● Problem: Pictures do not belong in the copy; print every entry exactly as it stands.

Dataset items:

------

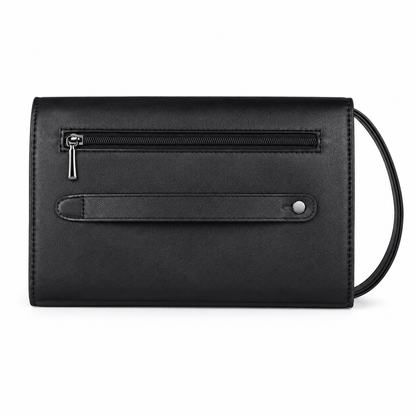 black Gorchins men's clutch bag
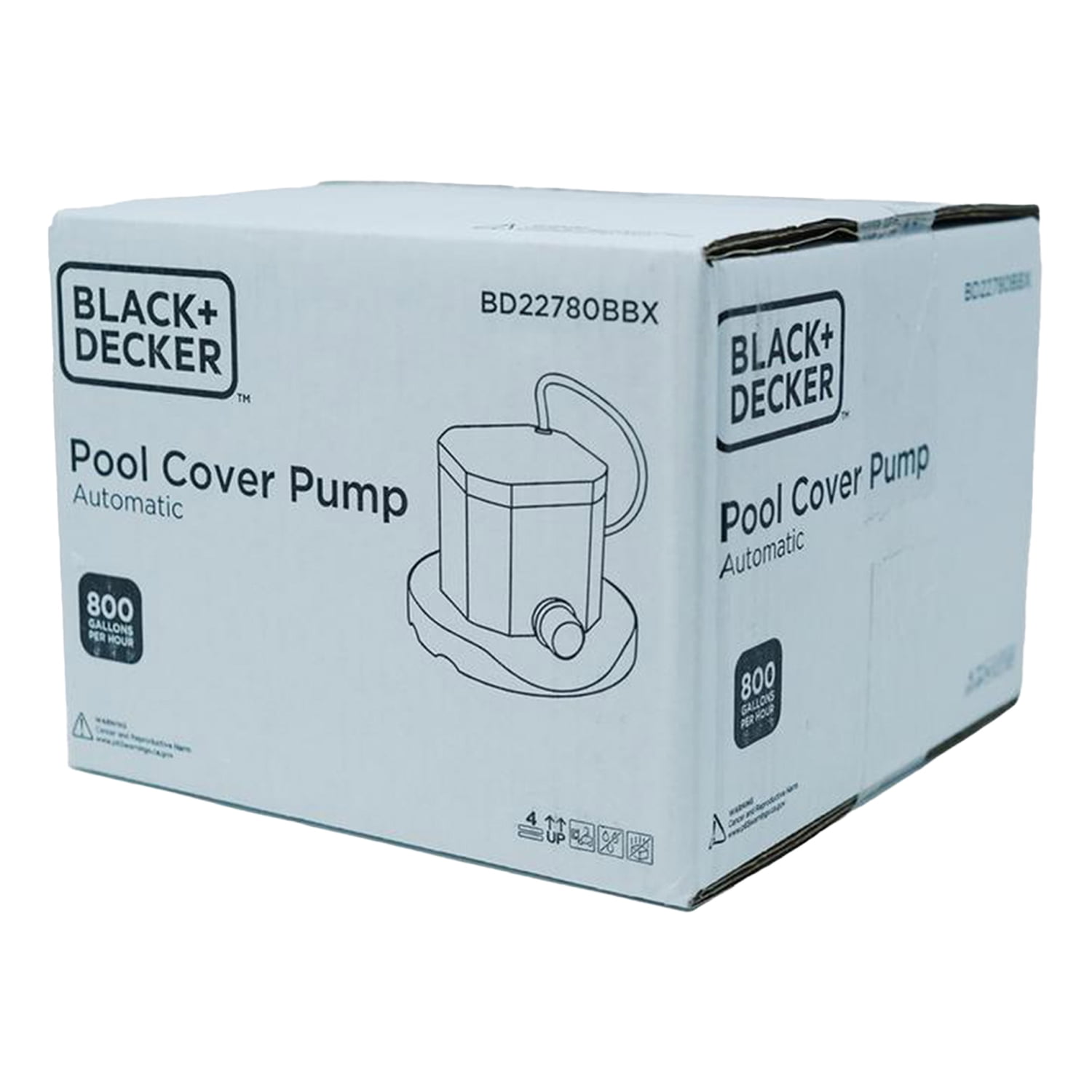 Black + Decker 350 GPH 0.25 HP Automatic Submersible Swimming Pool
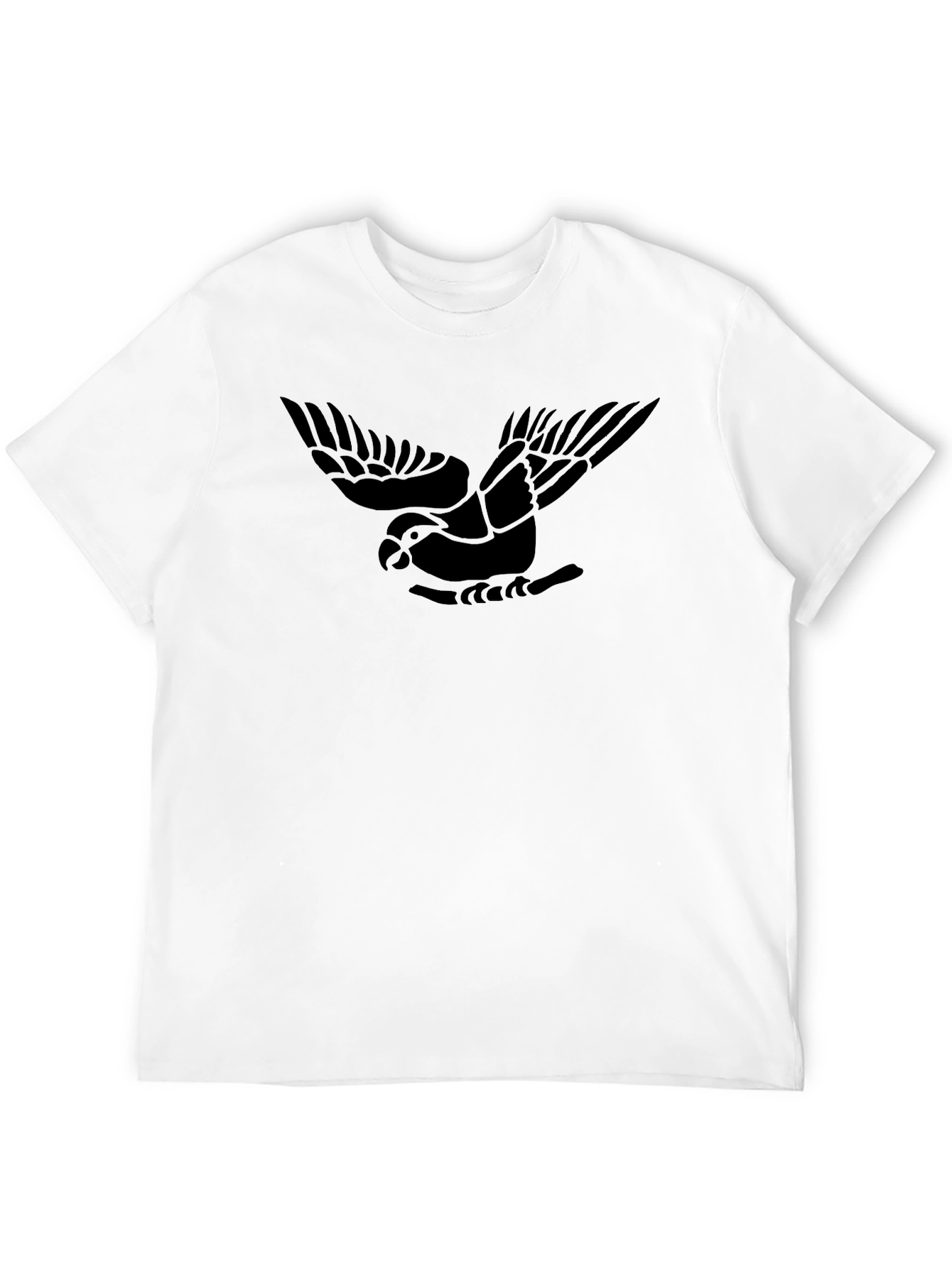 Bird on Branch Graphic Tee - Modern Casual Style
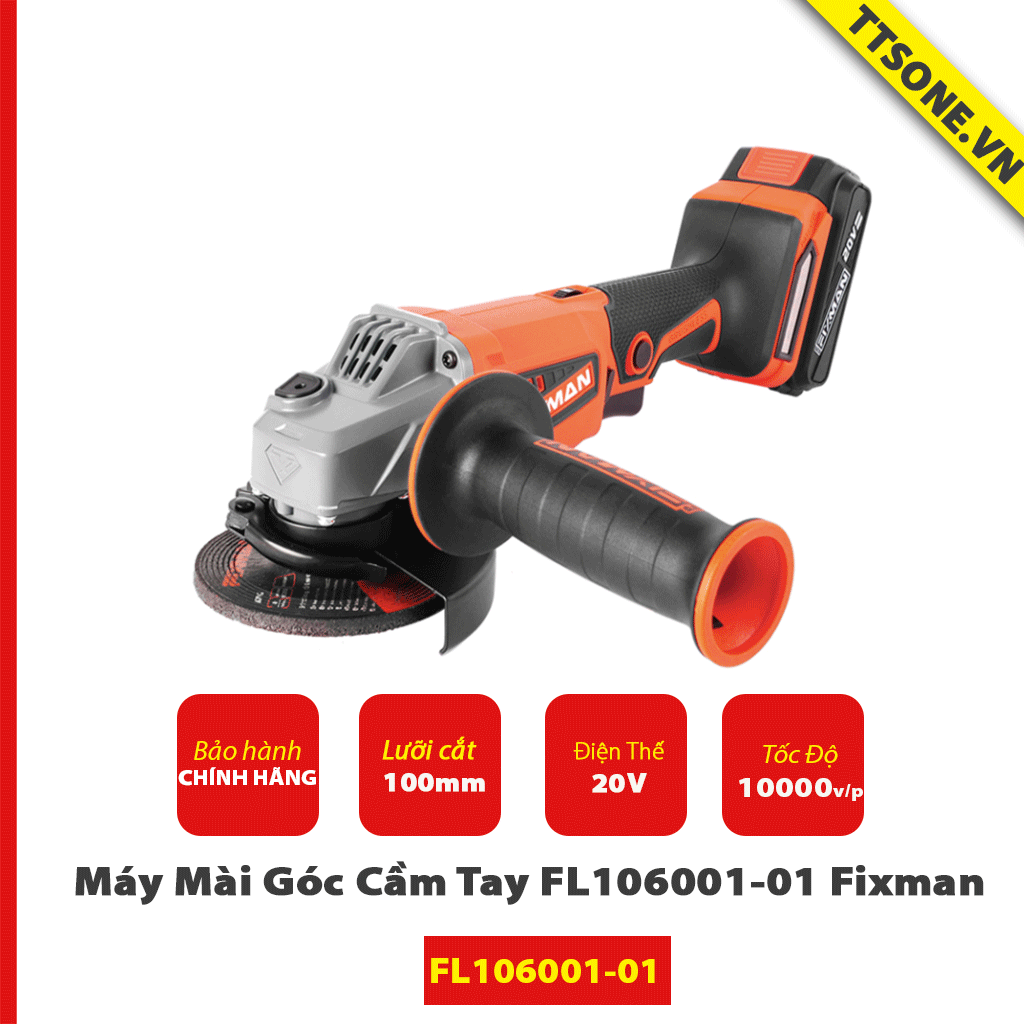 Combo Máy Mài Góc Cầm Tay FL106001-01 Fixman Chính Hãng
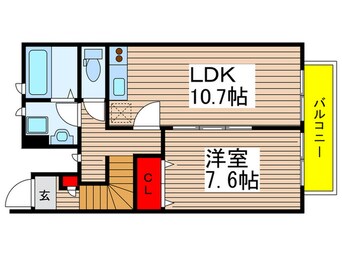 間取図 アスピリア　ｃｉｍｅ　Ⅱ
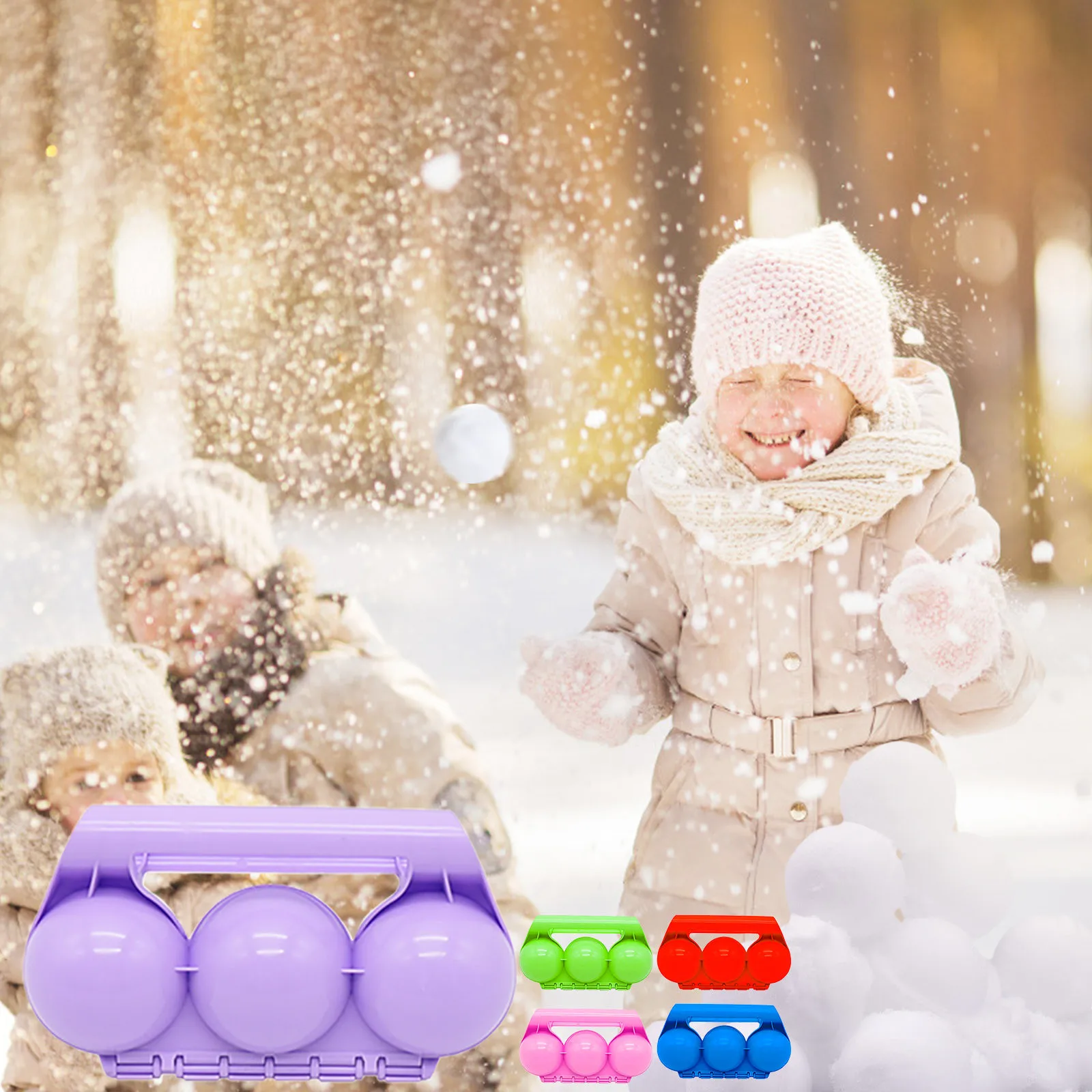 1pc Snowballs Maker Clip Children Outdoor Sport Winter Snowball Beach Sand Mold Tool Kids Snow Ball Play |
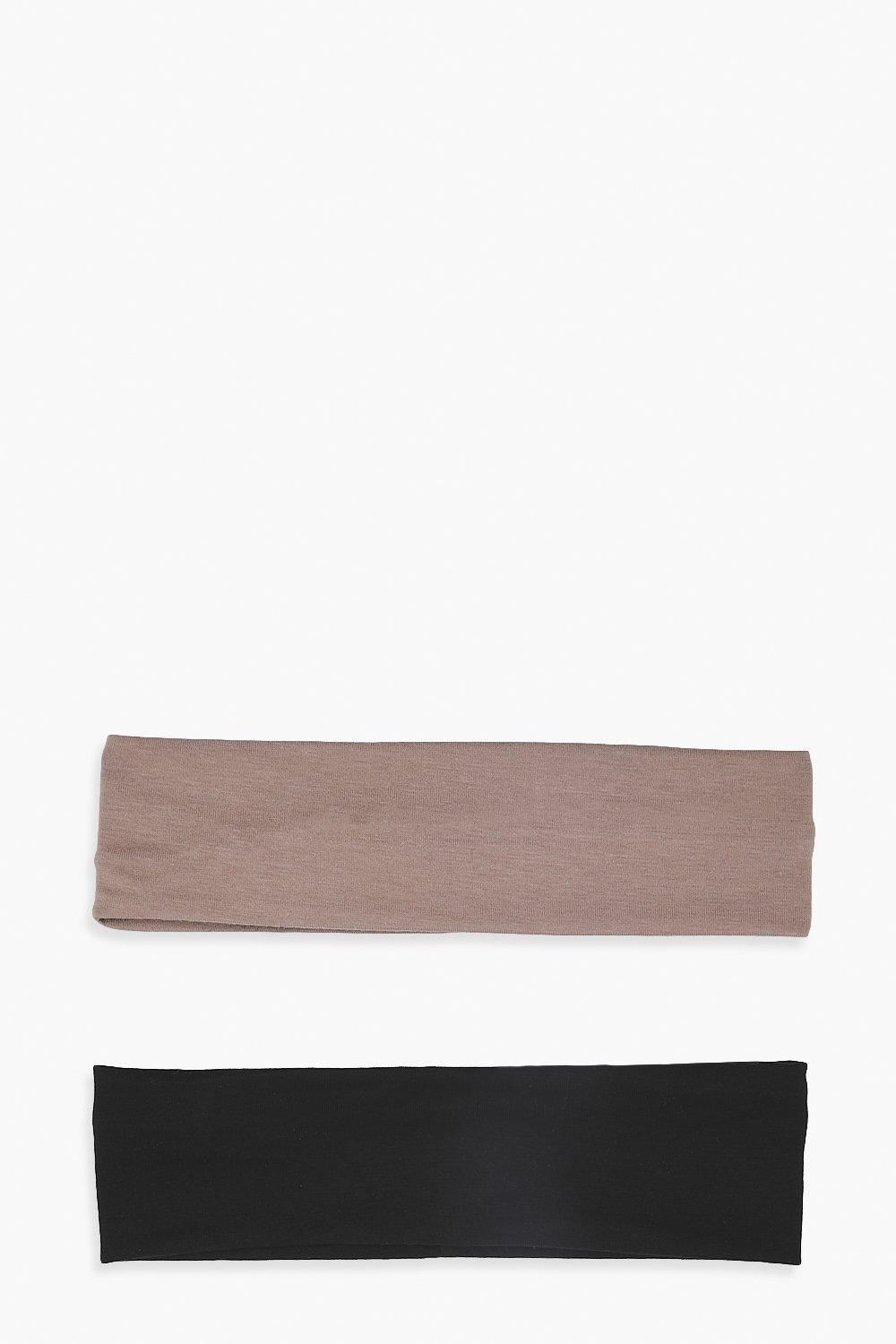 Click to view product details and reviews for Womens Pack Of 2 Wide Jersey Headbands Multi One Size Multi.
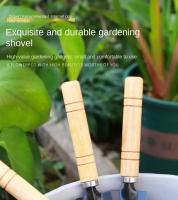 Mini Shovel De Jardín Herramienta Multifuncional De Acero Inoxidable Con Mango De Madera Para Rascar Y Aclarar La Tierra - details 0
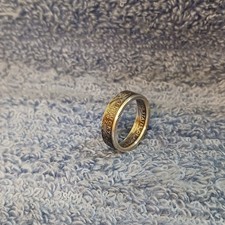 Kentucky Handcrafted 90 Silver Washington Quarters coin ring, 7-1/2 2001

------

● Your response:
 black Gorchins men's clutch bag
 Black + Decker 350 GPH 0.25 HP Automatic Submersible Swimming Pool
 Bird on Branch Graphic Tee - Modern Casual Style
 Combo Máy Mài Góc Cầm Tay FL106001-01 Fixman Chính Hãng
 間取図 アスピリア　ｃｉｍｅ　Ⅱ
 1pc Snowballs Maker Clip Children Outdoor Sport Winter Snowball Beach Sand Mold Tool Kids Snow Ball Play |
 Click to view product details and reviews for Womens Pack Of 2 Wide Jersey Headbands Multi One Size Multi.
 Mini Shovel De Jardín Herramienta Multifuncional De Acero Inoxidable Con Mango De Madera Para Rascar Y Aclarar La Tierra - details 0
 Kentucky Handcrafted 90 Silver Washington Quarters coin ring, 7-1/2 2001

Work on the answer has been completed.